Northern Ireland and Wales must work together to maximise opportunities for agriculture and the environment as the UK leaves the European Union.
Agriculture, Environment and Rural Affairs minister Michelle McIlveen and Welsh Cabinet Secretary for Environment and Rural Affairs Lesley Griffiths set out the position as they met during the Royal Welsh Show in Llanelwedd, Powys.
Speaking after the meeting, Minister McIlveen said: “I was very pleased to attend the Royal Welsh Show at the invitation of Lesley Griffiths and to see for myself the strength and diversity of the agri-food industry in Wales.
“Northern Ireland and Wales share many areas of common interest. Both countries have large and vibrant rural communities, with agri-food making a major contribution to the economy. There are clear and obvious benefits, therefore, to stimulating and further developing our capability and competitiveness in this sector, and continuing to nurture and support these rural communities.”
The minister continued: “We are all now operating in the context of the UK’s vote to leave the European Union and my top priority is to ensure Northern Ireland’s agri-food industry, rural communities and environmental stakeholders fully exploit this new opportunity.
“I do not, however, underestimate the challenges ahead. That is why I am committed to working with Government colleagues in all of the devolved administrations within the UK to ensure that the livestock and crop sectors continue to be supported. Indeed I emphasised this position to DEFRA Minister George Eustice when we met in Brussels earlier this week.”
While at the show Miss McIlveen took the opportunity to link up with Northern Ireland companies that are taking part, visiting the stand of Derrylin livestock housing manufacturer Teemore Engineering and meeting with senior representatives of Dungannon based food processor Dunbia. She said: “It was particularly pleasing to see Northern Ireland representation at the Royal Welsh Show. Dunbia and Teemore Engineering are excellent examples of local companies that are competing in national and international agri-food markets. I wish them every success.”
Minister McIlveen concluded by saying that the focus going forward is on delivering Brexit: “The people of the UK have given a clear mandate for Brexit and it is now imperative that we secure the best possible settlement for everyone.
“For us as ministers and leaders in the agriculture sector, that means we protect and promote the interests of farmers and producers during and beyond the Brexit process. This in turn will directly benefit the wider public who enjoy, and indeed rely on, the dairy, meat and other food products that come from the agri-food industry.

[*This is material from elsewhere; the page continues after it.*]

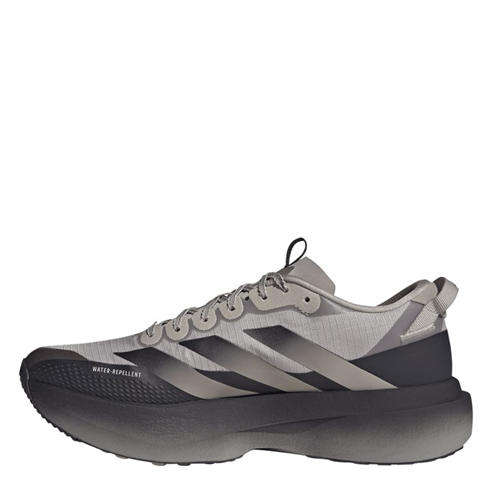 adidas - Adidas adizero EVOSL Sn62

“In this context, this engagement with Lesley Griffiths has been extremely constructive and I look forward to further collaboration with her, and between our Departments, in the weeks and months ahead.”
Welsh Cabinet Secretary for Environment and Rural Affairs Lesley Griffiths said: “The referendum result has raised a number of uncertainties common across all our devolved administrations. My meeting with Minister McIlveen gave us an opportunity to discuss our priorities post-Brexit and how we can work together to ensure these are included in the UK government’s negotiations on the terms and timings of the UK’s exit from the EU.
“EU membership has provided the framework for funding and regulation of agriculture and environment across the whole UK, as well as being important to our trading relationships, so it is vital that we play our full part as devolved administrations in determining the basis for future policy, programmes and regulations.”